The story of the two wolves battling inside us is a parable about our human nature, (the ‘bad wolf’) and our soul (the ‘good wolf’). To understand how this parable works it might help to take a look at the nature of these two beasts.
Let’s begin by looking at the ‘good wolf’; our soul.
Our soul is the part of us that is made of pure energy; the energy of Life itself. Our individual soul is a small part of the Great One Soul (God?) and as such it is endowed with all the Wisdom, Intelligence, Creativity and Love that brought life into existence in the first place.
Our soul lives in the realm of Ultimate Reality and Ultimate Truth and its purpose is to bring this Truth to the physical realm where our minds and bodies reside so that we might know ourselves more fully. Our soul’s job is to communicate with our minds and bodies in order to remind them that they are part of the soul.

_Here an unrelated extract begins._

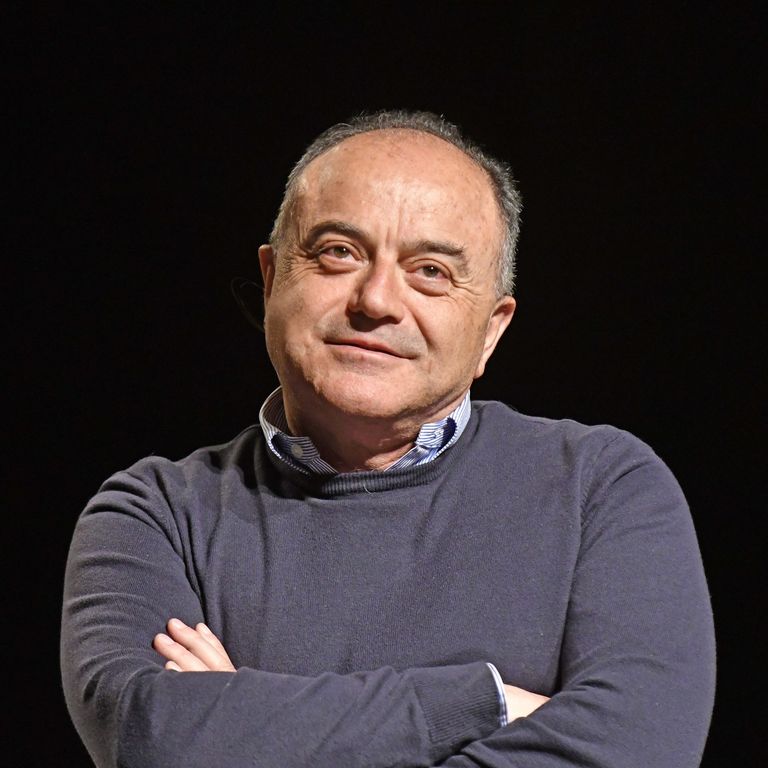 Nicola Gratteri, procuratore distrettuale della Dda di Catanzaro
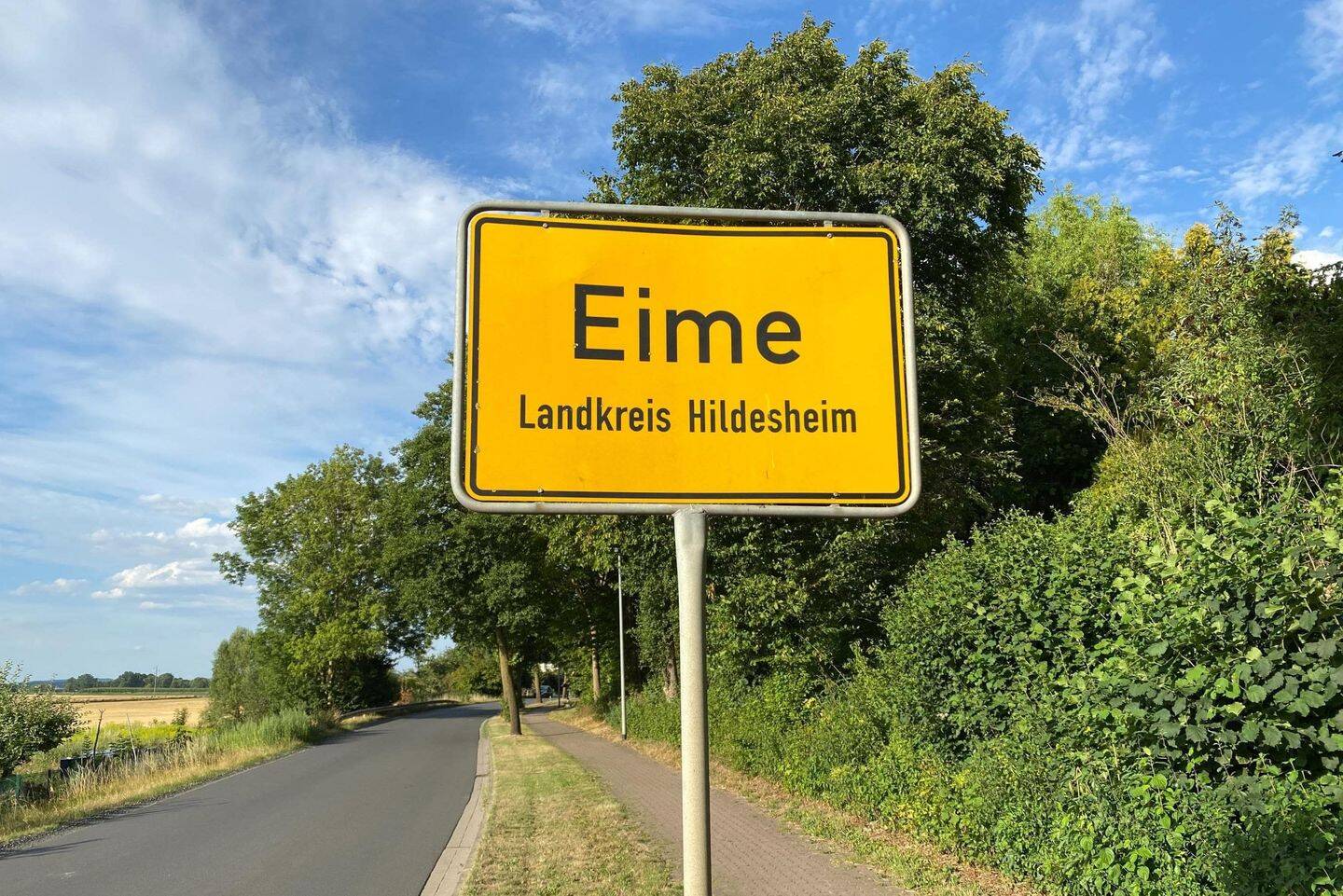 Baugrundstücke ab 80.050,- €, 31036 Eime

By doing this the soul encourages us to reach for the full expression of whom we are instead of settling for a version of self that is limited by the physical world only.
The soul’s language is love and freedom and its agenda is to help the mind and body reconnect with itself. This is in direct opposition to the nature, language and agenda of the unconscious mind, the ‘bad wolf’ in our story of two wolves.
Now let’s take a look at this ‘bad wolf’.
Our human nature is dominated by the ego, the part of our mind that has forgotten (become unconscious of) the truth of its existence as part of the soul and has come instead to believe itself to have a separate, living identity all of its own. This identity however has no real substance of its own; it is very much a shadow identity – that is it is like a shadow in that it only exists relative to a light shining somewhere; in this case the light of the soul.
When we make an identity for ourselves out of anything that is less than the totality of which we are (Mind, Body, Soul) this identity will always be shadow like; flimsy, temporary and insecure.
It is this insecurity and the fear that stems from it which characterises the nature of the ego.
If the agenda of the soul is for connection then the agenda of the ego is separation. If the nature of the soul is love then the nature of the ego is fear; if the language of the soul is feelings then the language of the ego is thoughts.
So we see from these two illustrations that the two wolves that exist inside us are very different animals and that these differences produce feelings of tension between them. However there is only one wolf that is prone to provoking fights and there are no surprises as to which wolf that is!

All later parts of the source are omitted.